**Material provided**
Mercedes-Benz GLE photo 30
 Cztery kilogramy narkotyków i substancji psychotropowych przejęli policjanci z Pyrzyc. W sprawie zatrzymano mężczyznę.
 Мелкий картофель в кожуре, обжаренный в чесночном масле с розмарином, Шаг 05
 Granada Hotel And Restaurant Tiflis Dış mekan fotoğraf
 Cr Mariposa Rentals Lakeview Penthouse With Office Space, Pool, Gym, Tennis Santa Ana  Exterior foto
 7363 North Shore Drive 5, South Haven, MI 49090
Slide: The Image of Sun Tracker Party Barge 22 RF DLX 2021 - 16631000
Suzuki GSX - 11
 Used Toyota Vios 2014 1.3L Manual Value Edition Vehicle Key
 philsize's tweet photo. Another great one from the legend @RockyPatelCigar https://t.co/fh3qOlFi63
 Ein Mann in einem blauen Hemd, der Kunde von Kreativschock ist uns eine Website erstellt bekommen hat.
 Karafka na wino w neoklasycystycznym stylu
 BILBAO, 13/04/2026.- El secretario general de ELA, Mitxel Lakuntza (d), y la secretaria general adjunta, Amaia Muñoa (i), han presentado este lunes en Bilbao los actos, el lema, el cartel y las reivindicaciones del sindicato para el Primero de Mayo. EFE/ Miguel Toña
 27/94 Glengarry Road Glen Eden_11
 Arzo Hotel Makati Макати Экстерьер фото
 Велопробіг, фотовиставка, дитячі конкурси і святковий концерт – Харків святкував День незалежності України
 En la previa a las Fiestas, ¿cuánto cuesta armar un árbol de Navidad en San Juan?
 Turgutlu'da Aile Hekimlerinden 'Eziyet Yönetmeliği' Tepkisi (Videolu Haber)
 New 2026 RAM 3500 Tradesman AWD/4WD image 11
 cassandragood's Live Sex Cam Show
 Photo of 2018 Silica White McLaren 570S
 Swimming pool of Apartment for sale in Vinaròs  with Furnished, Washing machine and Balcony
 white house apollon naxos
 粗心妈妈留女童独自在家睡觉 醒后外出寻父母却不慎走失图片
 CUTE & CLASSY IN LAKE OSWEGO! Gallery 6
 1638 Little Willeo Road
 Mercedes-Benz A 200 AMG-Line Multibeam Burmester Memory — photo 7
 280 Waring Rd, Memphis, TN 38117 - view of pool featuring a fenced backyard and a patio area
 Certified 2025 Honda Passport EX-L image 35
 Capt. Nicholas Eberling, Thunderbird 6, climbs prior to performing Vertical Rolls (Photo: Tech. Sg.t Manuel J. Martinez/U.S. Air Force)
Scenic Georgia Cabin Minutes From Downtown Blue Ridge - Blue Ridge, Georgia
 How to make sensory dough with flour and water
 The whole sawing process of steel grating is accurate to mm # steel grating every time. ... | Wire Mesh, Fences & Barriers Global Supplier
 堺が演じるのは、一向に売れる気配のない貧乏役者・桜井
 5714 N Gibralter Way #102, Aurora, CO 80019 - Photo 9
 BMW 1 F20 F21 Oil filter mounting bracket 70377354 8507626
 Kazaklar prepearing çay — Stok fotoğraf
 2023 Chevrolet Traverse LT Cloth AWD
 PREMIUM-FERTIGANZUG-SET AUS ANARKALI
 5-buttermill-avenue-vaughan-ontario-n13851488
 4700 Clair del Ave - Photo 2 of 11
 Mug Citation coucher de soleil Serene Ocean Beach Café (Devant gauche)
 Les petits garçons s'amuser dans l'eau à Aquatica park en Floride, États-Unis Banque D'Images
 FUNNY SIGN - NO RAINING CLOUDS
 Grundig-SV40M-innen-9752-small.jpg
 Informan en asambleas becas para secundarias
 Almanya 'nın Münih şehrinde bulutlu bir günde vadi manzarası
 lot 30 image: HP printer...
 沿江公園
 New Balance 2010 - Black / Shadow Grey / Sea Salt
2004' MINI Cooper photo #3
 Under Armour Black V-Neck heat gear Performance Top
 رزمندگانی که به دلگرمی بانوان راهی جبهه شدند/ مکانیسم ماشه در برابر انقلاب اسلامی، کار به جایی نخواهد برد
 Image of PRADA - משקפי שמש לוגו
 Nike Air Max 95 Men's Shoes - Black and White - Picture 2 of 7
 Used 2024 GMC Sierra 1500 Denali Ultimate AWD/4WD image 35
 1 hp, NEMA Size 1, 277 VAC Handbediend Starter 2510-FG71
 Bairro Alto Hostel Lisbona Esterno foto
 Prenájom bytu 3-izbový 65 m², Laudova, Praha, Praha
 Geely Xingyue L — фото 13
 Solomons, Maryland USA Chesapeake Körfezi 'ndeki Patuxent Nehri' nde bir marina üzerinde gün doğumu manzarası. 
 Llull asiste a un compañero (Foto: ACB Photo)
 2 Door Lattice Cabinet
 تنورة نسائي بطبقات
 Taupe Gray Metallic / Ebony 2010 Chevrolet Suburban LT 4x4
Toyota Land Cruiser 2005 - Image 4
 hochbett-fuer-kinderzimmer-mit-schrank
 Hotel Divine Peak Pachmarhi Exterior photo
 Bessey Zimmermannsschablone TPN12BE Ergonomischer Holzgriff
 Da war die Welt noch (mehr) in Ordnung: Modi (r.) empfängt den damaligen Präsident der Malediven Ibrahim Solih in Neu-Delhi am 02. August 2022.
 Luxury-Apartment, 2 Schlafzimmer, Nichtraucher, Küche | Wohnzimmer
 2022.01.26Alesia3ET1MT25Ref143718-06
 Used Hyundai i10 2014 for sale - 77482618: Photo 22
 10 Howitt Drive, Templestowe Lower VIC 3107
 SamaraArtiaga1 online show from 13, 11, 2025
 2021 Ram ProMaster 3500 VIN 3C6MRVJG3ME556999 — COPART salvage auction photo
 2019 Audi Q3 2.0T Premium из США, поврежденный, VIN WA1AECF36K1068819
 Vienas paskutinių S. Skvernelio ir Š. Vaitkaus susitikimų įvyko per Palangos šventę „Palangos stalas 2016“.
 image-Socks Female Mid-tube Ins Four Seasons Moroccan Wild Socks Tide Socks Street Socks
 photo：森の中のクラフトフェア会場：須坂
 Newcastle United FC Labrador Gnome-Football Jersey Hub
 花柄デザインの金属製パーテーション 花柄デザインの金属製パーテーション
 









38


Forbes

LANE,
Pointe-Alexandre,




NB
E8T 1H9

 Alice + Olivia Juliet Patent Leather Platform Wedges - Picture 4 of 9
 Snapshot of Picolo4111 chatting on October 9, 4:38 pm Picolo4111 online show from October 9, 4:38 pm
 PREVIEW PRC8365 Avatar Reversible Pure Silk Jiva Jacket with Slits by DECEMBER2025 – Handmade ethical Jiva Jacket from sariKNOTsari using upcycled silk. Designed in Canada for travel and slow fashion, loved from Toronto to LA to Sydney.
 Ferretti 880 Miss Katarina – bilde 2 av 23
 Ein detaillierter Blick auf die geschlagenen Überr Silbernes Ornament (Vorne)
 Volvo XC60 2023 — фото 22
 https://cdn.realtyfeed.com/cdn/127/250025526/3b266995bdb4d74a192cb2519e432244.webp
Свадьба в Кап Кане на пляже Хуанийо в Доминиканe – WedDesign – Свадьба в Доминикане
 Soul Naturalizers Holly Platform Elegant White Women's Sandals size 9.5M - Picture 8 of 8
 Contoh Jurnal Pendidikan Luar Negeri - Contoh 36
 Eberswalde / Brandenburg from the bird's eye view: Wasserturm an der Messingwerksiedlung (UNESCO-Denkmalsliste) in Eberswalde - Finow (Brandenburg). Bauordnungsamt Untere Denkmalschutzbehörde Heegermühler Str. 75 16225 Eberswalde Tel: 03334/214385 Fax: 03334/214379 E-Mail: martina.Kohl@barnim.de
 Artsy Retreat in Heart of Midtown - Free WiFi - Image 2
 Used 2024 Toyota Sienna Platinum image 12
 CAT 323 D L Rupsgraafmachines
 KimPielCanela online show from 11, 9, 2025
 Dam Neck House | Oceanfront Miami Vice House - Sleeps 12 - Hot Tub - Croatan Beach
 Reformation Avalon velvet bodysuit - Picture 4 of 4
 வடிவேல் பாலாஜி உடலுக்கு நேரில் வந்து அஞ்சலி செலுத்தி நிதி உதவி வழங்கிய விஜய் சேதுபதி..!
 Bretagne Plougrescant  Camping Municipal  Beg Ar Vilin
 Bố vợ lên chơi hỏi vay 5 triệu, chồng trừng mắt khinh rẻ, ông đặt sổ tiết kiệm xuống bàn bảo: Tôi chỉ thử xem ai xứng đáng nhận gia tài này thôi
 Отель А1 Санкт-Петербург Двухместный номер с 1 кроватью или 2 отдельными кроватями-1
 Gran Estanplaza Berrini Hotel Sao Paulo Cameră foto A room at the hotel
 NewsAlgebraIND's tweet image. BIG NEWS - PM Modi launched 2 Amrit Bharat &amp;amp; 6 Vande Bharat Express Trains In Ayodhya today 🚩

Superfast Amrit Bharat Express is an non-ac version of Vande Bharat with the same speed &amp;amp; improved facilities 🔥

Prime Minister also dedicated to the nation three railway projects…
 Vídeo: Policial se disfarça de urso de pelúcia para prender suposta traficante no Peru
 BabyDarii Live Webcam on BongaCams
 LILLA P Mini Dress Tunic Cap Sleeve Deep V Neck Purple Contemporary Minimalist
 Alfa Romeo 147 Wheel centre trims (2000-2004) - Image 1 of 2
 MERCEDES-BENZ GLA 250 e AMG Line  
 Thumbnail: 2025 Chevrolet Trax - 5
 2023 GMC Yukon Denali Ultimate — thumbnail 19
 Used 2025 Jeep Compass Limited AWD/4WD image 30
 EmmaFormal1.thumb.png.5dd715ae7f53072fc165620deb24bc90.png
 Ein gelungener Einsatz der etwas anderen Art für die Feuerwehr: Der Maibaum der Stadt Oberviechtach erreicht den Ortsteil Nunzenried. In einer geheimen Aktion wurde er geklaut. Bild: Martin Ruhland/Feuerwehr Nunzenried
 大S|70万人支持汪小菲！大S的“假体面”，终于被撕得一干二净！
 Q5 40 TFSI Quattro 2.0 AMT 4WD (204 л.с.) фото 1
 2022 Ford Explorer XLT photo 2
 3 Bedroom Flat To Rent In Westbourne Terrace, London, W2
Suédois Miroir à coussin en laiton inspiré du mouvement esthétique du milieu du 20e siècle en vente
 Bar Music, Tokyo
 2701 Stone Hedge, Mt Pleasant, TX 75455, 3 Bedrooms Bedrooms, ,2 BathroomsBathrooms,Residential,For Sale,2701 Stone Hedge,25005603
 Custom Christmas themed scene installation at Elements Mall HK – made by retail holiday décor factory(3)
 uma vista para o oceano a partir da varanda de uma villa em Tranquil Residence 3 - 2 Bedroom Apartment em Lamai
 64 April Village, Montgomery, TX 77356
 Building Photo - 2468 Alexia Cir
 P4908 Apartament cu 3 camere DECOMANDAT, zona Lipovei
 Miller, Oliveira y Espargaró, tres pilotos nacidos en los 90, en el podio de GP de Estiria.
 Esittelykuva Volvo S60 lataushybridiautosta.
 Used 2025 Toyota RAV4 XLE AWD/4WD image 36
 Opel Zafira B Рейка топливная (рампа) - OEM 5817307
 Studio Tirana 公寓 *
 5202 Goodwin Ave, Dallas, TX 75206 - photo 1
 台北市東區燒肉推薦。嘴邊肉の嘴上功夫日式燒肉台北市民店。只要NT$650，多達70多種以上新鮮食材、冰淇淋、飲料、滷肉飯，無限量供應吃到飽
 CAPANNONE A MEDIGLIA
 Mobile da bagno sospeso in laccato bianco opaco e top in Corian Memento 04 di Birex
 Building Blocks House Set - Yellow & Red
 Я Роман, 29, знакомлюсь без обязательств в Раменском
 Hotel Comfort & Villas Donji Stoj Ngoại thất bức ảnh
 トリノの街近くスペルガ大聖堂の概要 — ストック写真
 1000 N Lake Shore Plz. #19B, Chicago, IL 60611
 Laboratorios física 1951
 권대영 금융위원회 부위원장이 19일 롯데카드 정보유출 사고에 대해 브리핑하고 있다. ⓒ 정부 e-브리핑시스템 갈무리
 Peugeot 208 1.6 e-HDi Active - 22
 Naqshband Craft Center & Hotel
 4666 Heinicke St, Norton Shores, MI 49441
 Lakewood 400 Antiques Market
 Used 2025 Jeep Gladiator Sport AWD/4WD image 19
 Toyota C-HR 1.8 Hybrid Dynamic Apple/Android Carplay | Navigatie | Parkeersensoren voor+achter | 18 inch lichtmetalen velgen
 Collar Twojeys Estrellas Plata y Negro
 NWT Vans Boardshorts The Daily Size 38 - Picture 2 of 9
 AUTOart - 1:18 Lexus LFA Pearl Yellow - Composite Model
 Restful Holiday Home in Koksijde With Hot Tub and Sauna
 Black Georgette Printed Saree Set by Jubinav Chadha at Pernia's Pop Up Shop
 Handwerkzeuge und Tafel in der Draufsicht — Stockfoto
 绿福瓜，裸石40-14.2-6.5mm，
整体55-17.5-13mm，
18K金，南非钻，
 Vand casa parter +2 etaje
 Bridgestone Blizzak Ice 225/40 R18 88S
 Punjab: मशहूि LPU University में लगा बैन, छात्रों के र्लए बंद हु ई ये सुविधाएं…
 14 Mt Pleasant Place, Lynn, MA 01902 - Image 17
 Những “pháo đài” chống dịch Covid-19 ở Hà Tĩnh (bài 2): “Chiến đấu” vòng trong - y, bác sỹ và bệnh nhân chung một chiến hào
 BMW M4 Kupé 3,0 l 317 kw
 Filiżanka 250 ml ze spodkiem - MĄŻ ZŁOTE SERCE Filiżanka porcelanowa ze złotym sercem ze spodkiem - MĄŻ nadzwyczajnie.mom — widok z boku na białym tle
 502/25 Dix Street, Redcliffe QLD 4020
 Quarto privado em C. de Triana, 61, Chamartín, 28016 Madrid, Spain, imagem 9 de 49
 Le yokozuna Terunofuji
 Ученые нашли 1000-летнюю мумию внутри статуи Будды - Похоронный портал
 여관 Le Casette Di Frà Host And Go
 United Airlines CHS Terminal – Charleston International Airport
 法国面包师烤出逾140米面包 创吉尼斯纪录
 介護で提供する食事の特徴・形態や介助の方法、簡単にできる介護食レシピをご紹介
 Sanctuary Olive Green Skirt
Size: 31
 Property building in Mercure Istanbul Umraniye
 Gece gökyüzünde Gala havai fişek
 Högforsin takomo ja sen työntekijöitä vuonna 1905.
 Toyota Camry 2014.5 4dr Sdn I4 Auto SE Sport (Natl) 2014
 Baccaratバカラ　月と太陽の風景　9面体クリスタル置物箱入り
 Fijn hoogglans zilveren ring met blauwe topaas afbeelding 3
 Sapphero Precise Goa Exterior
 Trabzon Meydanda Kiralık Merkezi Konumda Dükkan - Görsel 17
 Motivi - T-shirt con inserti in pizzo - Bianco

**Task details**
In the data above, retype exactly and only the lines between the one holding "Solomons, Maryland USA" and the one holding "Contoh Jurnal Pendidikan", inclusive.

**Output below**
 Solomons, Maryland USA Chesapeake Körfezi 'ndeki Patuxent Nehri' nde bir marina üzerinde gün doğumu manzarası. 
 Llull asiste a un compañero (Foto: ACB Photo)
 2 Door Lattice Cabinet
 تنورة نسائي بطبقات
 Taupe Gray Metallic / Ebony 2010 Chevrolet Suburban LT 4x4
Toyota Land Cruiser 2005 - Image 4
 hochbett-fuer-kinderzimmer-mit-schrank
 Hotel Divine Peak Pachmarhi Exterior photo
 Bessey Zimmermannsschablone TPN12BE Ergonomischer Holzgriff
 Da war die Welt noch (mehr) in Ordnung: Modi (r.) empfängt den damaligen Präsident der Malediven Ibrahim Solih in Neu-Delhi am 02. August 2022.
 Luxury-Apartment, 2 Schlafzimmer, Nichtraucher, Küche | Wohnzimmer
 2022.01.26Alesia3ET1MT25Ref143718-06
 Used Hyundai i10 2014 for sale - 77482618: Photo 22
 10 Howitt Drive, Templestowe Lower VIC 3107
 SamaraArtiaga1 online show from 13, 11, 2025
 2021 Ram ProMaster 3500 VIN 3C6MRVJG3ME556999 — COPART salvage auction photo
 2019 Audi Q3 2.0T Premium из США, поврежденный, VIN WA1AECF36K1068819
 Vienas paskutinių S. Skvernelio ir Š. Vaitkaus susitikimų įvyko per Palangos šventę „Palangos stalas 2016“.
 image-Socks Female Mid-tube Ins Four Seasons Moroccan Wild Socks Tide Socks Street Socks
 photo：森の中のクラフトフェア会場：須坂
 Newcastle United FC Labrador Gnome-Football Jersey Hub
 花柄デザインの金属製パーテーション 花柄デザインの金属製パーテーション
 









38


Forbes

LANE,
Pointe-Alexandre,




NB
E8T 1H9

 Alice + Olivia Juliet Patent Leather Platform Wedges - Picture 4 of 9
 Snapshot of Picolo4111 chatting on October 9, 4:38 pm Picolo4111 online show from October 9, 4:38 pm
 PREVIEW PRC8365 Avatar Reversible Pure Silk Jiva Jacket with Slits by DECEMBER2025 – Handmade ethical Jiva Jacket from sariKNOTsari using upcycled silk. Designed in Canada for travel and slow fashion, loved from Toronto to LA to Sydney.
 Ferretti 880 Miss Katarina – bilde 2 av 23
 Ein detaillierter Blick auf die geschlagenen Überr Silbernes Ornament (Vorne)
 Volvo XC60 2023 — фото 22
 https://cdn.realtyfeed.com/cdn/127/250025526/3b266995bdb4d74a192cb2519e432244.webp
Свадьба в Кап Кане на пляже Хуанийо в Доминиканe – WedDesign – Свадьба в Доминикане
 Soul Naturalizers Holly Platform Elegant White Women's Sandals size 9.5M - Picture 8 of 8
 Contoh Jurnal Pendidikan Luar Negeri - Contoh 36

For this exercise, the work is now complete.